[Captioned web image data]
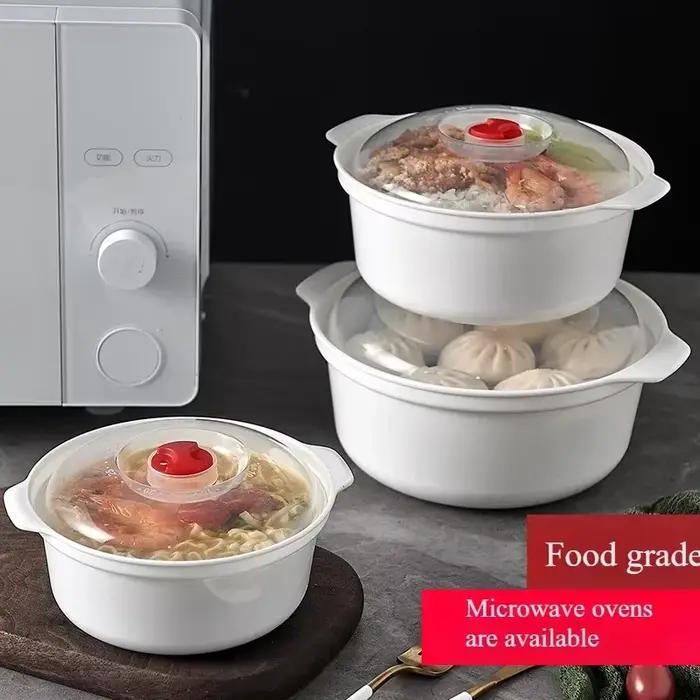 Four à micro-ondes boîte spéciale Pot chauffant riz riz chaud petits pains cuits à la vapeur bol de nouilles cuisine domestique récipient de cuisson des aliments vaisselle
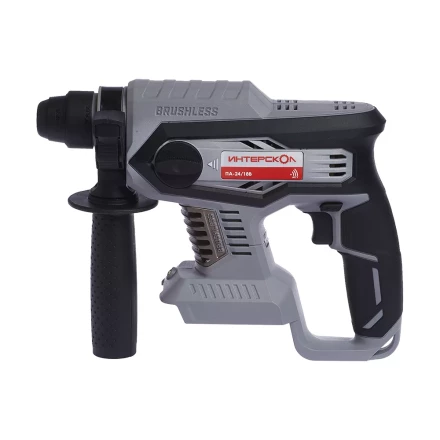 Профессиональный трехрежимный перфоратор с бесщеточным (вентильным) двигателем ИНТЕРСКОЛ ПА-24/18В аккумуляторный Li-ion АПИ (кейс, без аккум. и ЗУ) купить в Кургане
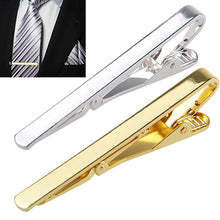 Load image into Gallery viewer, Men Silver/Gold Copper Chic Necktie Tie Bar Clasp Clip Formal Occasion Clamp Pin - provenclothes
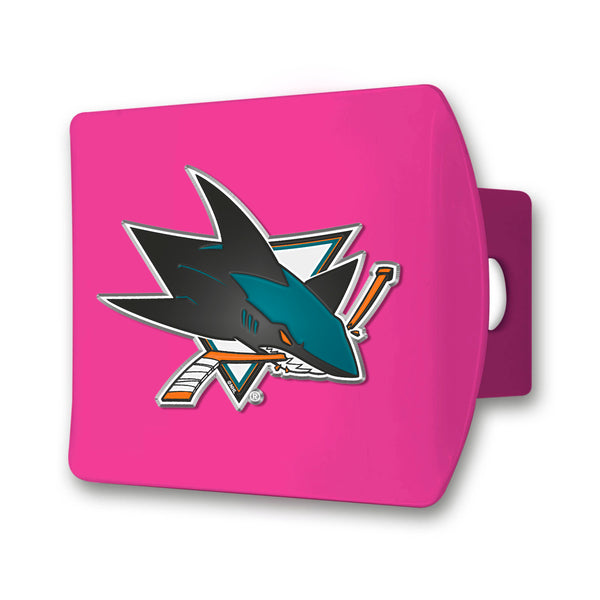 NHL - San Jose Sharks Color on Pink Hitch Cover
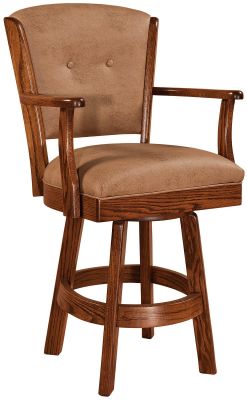 Macready Leather Bar Chair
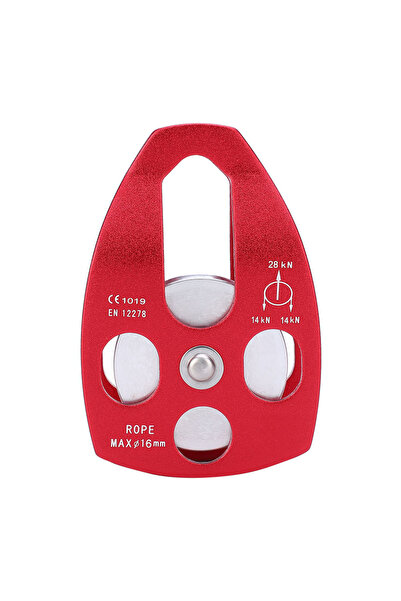 Choice بكرة محمل أحادية كبيرة 01 30KN مع لوحة جانبية منزلقة لتسلق الصخور في ا...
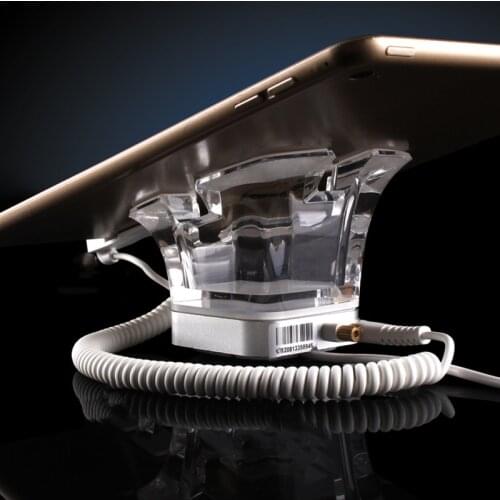 6 Set/Lot) Bank Hotel Lobby Front Desk Anti Lost Purpose Tablet Pad Charger and Security Alarm Holder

_INSTRUCTIONS TO FOLLOW_: Copy the lines exactly as they appear from the opening of the entries above through the line with "Профессиональный трехрежимный перфоратор", excluding all pictures.

_REPLY TO THE TASK_:
 Four à micro-ondes boîte spéciale Pot chauffant riz riz chaud petits pains cuits à la vapeur bol de nouilles cuisine domestique récipient de cuisson des aliments vaisselle
 Профессиональный трехрежимный перфоратор с бесщеточным (вентильным) двигателем ИНТЕРСКОЛ ПА-24/18В аккумуляторный Li-ion АПИ (кейс, без аккум. и ЗУ) купить в Кургане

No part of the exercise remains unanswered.